- EXERCISE DATA
- - - - - - -

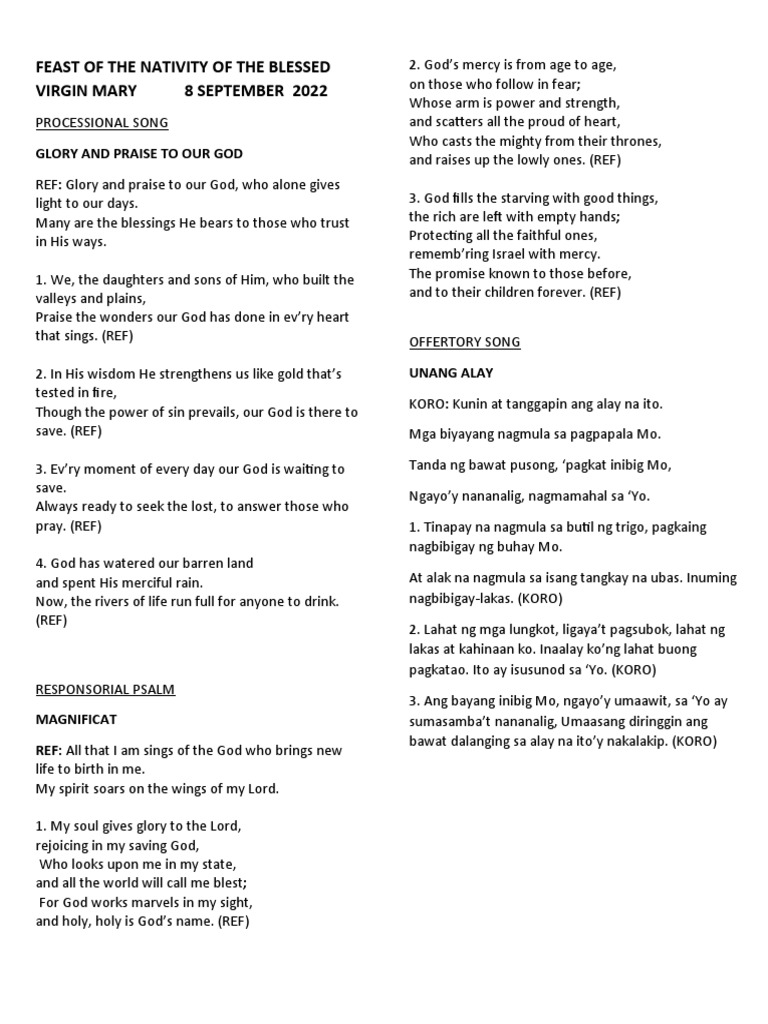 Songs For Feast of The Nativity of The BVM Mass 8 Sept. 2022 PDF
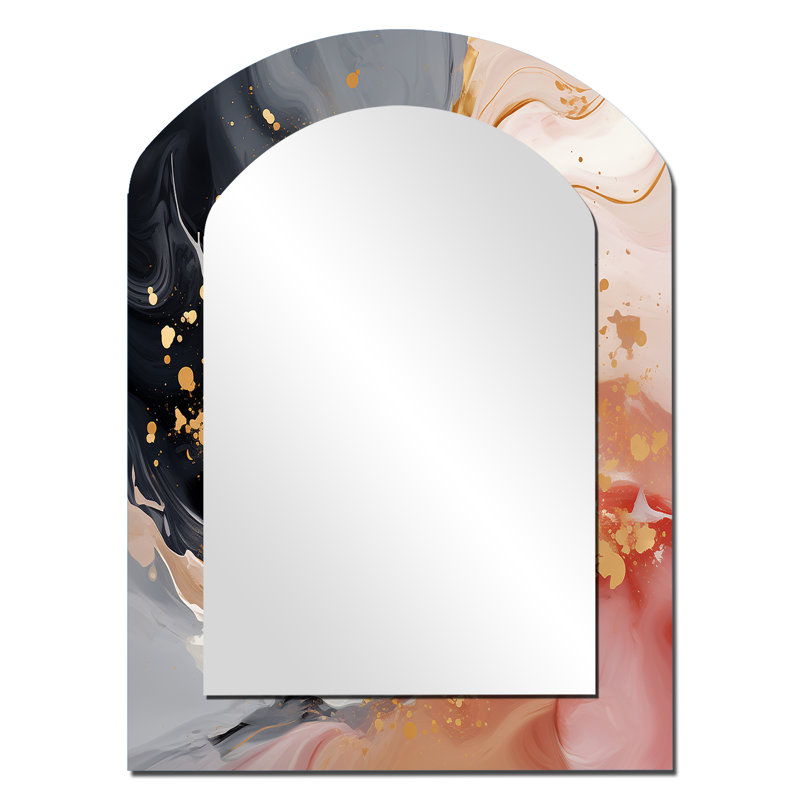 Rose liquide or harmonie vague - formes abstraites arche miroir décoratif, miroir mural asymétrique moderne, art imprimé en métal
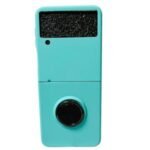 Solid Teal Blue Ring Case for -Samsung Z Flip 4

- - - - - - -

- ABOUT THIS TASK
Return all of the material above unchanged, minus its pictures.

- WORKED SOLUTION
 Songs For Feast of The Nativity of The BVM Mass 8 Sept. 2022 PDF
 Rose liquide or harmonie vague - formes abstraites arche miroir décoratif, miroir mural asymétrique moderne, art imprimé en métal
 Solid Teal Blue Ring Case for -Samsung Z Flip 4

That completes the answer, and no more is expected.